Stephen: Wells Fargo workers exposed how they were cheating consumers, but there is now a campaign called Forego Wells. Surprise, surprise, there is a website Fore​goW​ells​.org. What it is saying is, Let’s look at the totality of Wells Fargo.” They treat their workers terribly. They rob consumers. They are a funder of the Dakota Access Pipeline. They fund private prisons. They fund, in some way, payday lending. Again, the idea here is saying, There are an unlimited number of bad guys out there, but whatever your issue is, let’s pile on a couple of the most dominant players.” And remember that Elaine Chao, who now is Head of Transportation, she was on the board of Wells Fargo during all of the scandals. Again, what you basically have is one of the board members of Wells Fargo now in the Trump cabinet and this company captures almost everything that is wrong with what is going on in this country. Wells Fargo is a wonderful example of the corruption and debasement of the system. They have binding arbitration. If you have an account with them, you automatically give up the right to sue them. When they illegally opened up accounts for people, when people attempted to sue about that illegally opened account, the bank said, Well, your illegally opened account has a binding arbitration procedure. Therefore, you can’t sue us on the illegally opened account.” You can’t make this stuff up.

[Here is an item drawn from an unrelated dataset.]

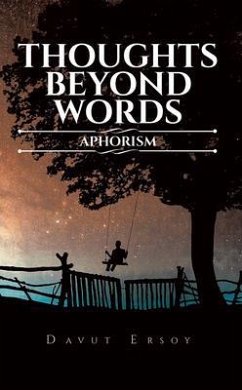 Thoughts Beyond Words (eBook, ePUB) - Ersoy, Davut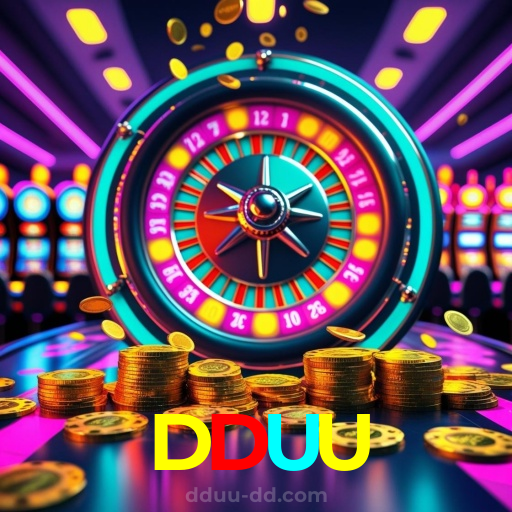 DDUU:O cassino online mais seguro para apostas em futebol e diversão com roleta!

A big part of our work is basically saying, Trump has surrounded himself with these set of players. That is who they really are. Let’s look at all of the way they screw people that are the opposite of Trump.” The way I think about it is, we have to make Trump guilty of every evil and sin they commit. If Trump picked Elaine Chao, then he is supporting fake accounts. He is supporting all these things. On the other hand, anybody who associates with Trump has to be guilty of all of his sins. So, Jamie Dimon from JPMorgan and Lloyd Blankfein from Goldman Sachs like to pretend they are at least social progressives. Gary Cohn who is a Goldman Sachs guy who went over to the administration stood behind Trump when he signed the Muslim ban. We need to hold Goldman Sachs accountable. Goldman Sachs and their people are behind anti-immigrant and Muslim bashing. I think there is a fantastic opportunity to force these contradictions, drive some wedges in the ruling class, and really tell the story about what used to be secret. These are the guys that are running both the economy and the government.

Sarah: Some people who are reading or listening to this are familiar with what went on in Greece and other countries that got the short end of the austerity agenda. Puerto Rico is a little bit closer to home, it is our government who is doing this to Puerto Rico with the help of all of these same people that we have just been talking about.

Stephen: Before I get into the detail of Puerto Rico, I think the way to think about this is globally — first, with the IMF [International Monetary Fund]. They took developing countries and basically used the Shock Doctrine to devastate the economies of those countries and enforce austerity. Then, they have experimented in Greece and other countries on how you enforce austerity and overrule democratic control and now the United States, we are experimenting with the same thing, which is how you purposely make a place broke. Then, when it is broke you say, We need to put an emergency control board and get rid of democratic rule.” Then, once you get rid of democratic rule, you can basically turn it into a paradise for the rich.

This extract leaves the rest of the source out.